The market is now slowly recovering and will experience another investment cycle in 2014-2016 driven by demand for general lighting applications. But nothing will be similar from now. The improvement of equipment throughput and yields is also impacting the equipment sales: better equipment means better yield means less investments. Also, except for the MOCVD business still in the hands of only Veeco and Aixtron, the others equipment markets for the main process steps (lithography, etching…) are highly fragmented, with many players trying to get a piece of the remaining market.
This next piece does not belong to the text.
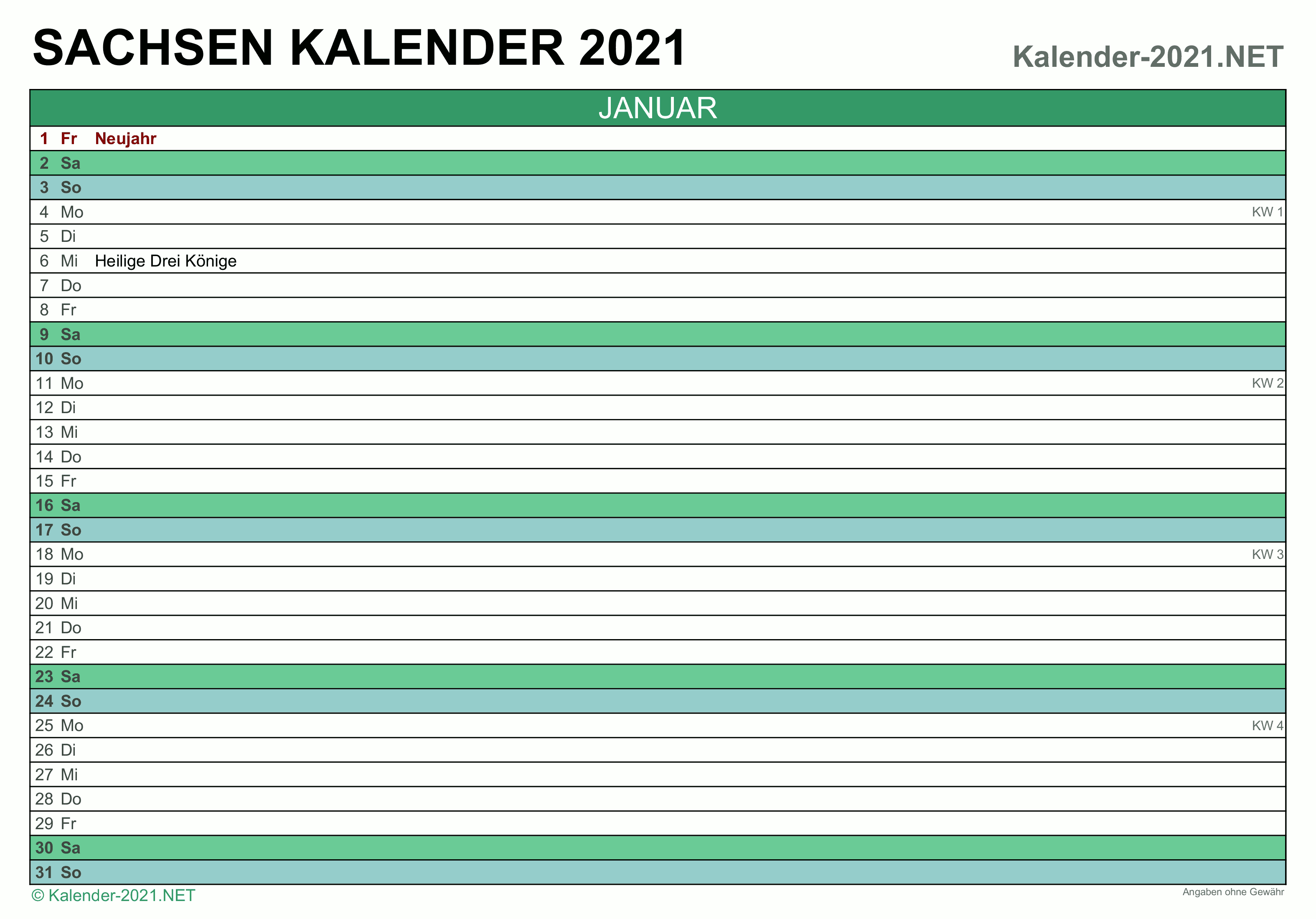 Kalender 2021 Sachsen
As a result, the equipment market will peak at nearly $580M in 2015 with MOCVD reactors representing more than 80% of the business: the bulk of these reactors are still being shipped to Chinese manufacturers or Taiwanese players transitioning to 4” diameters. Lithography, plasma etching, PECVD, and PVD equipment will follow a similar trend.

Yole Développement LED Front-End equipment market report presents major equipment used in LED Front-End manufacturing. It describes market size and volume (2009 - 2020), trends per process steps (performance, ASP, emerging technologies…), key suppliers, and much more!

The LED epitaxy equipment market (MOCVD reactor) is very concentrated under the control of the Big 3 (Aixtron, Veeco and Taiyo Nippon Sanso) who represented nearly 97% of market share in 2013.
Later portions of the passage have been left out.